Der Antragsteller ist Kanadier und begehrt die Anerkennung eines kanadischen Scheidungsurteils an seine deutsche Ehefrau (Antragsgegnerin). Antragsteller und Antragsgegnerin hatten in Kanada geheiratet, wo auch ihr letzter Aufenthaltsort lag. Die Antragsgegnerin kehrte nach der Trennung nach Deutschland zurück.

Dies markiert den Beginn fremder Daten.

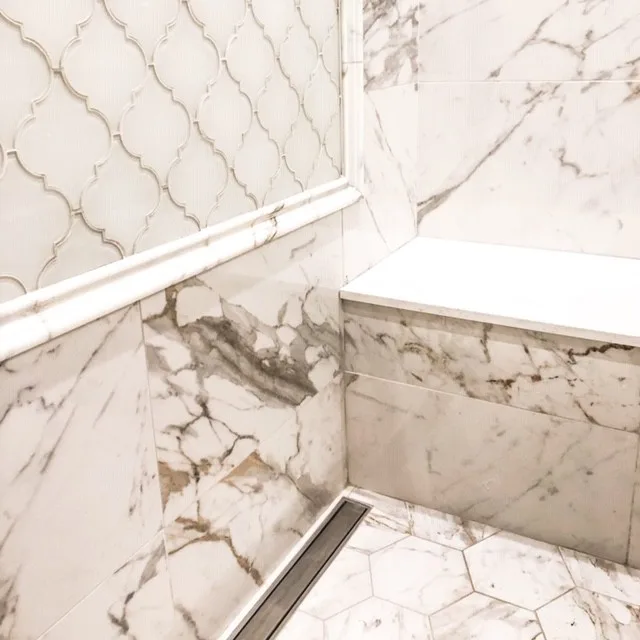 Metro Floors & More Llc - Photo 6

Der Antragsteller trägt vor, bei dem zuständigen kanadischen Gericht die Ehescheidung beantragt zu haben. Mit Genehmigung des zuständigen kanadischen Gerichts sei die Zustellung dieses Scheidungsantrags an die Antragsgegnerin über den Nachrichtendienst WhatsApp erfolgt. Daraufhin habe seine Frau auch geantwortet. Zur Sache habe sie sich aber nicht eingelassen. Dann sei die Scheidung ausgesprochen worden. Sie sei nunmehr rechtskräftig.

Zustellung eines Scheidungsantrags per WhatsApp? Dazu das OLG Frankfurt

Den Antrag auf Anerkennung des kanadischen Scheidungsurteils wies das OLG zurück.

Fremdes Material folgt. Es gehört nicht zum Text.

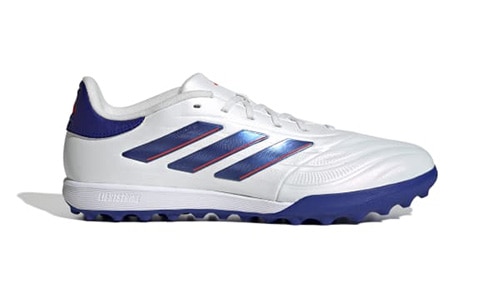 COPA PURE 2 LEAGUE TF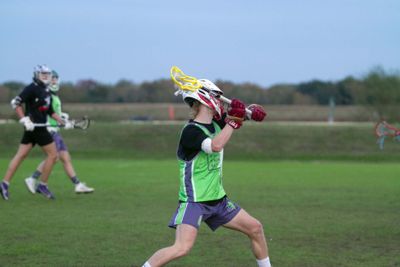 IMG_5354.jpg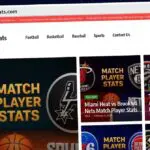 Publish Guest Post on thematchplayerstats.com
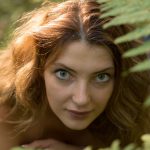 krisin-nude-presenting-krisin-eroticbeauty-0022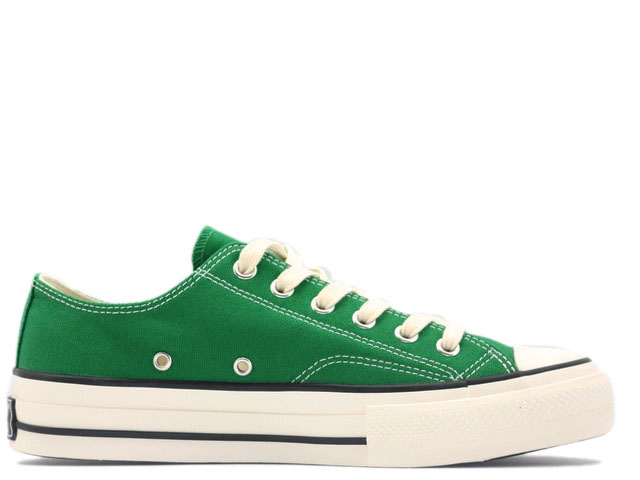 CHUCK TAYLOR CANVAS OX 1SD399 - 3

Und zwar liege ein Anerkennungshindernis vor, weil der Scheidungsantrag der Antragsgegnerin nicht ordnungsgemäß mitgeteilt worden sei. In Deutschland sei es nicht zulässig, Auslandszustellungen per WhatsApp vorzunehmen. Deutschland habe etwaigen erweiternden Regelungen im Haager Übereinkommen über Zustellung von Schriftstücken im Ausland widersprochen.

Es sei unerheblich, dass die Antragsgegnerin tatsächlich von dem Schriftstück Kenntnis erlangt habe und sie ihre Rechte rechtzeitig hätte wahrnehmen können. Und zwar, weil die Anerkennung einer ausländischen Entscheidung sowohl die rechtzeitige als auch die ordnungsgemäße Zustellung voraussetze (§ 113 Abs. 1 Satz 2 FamFG i.V.m. den einschlägigen Voraschriften der ZPO).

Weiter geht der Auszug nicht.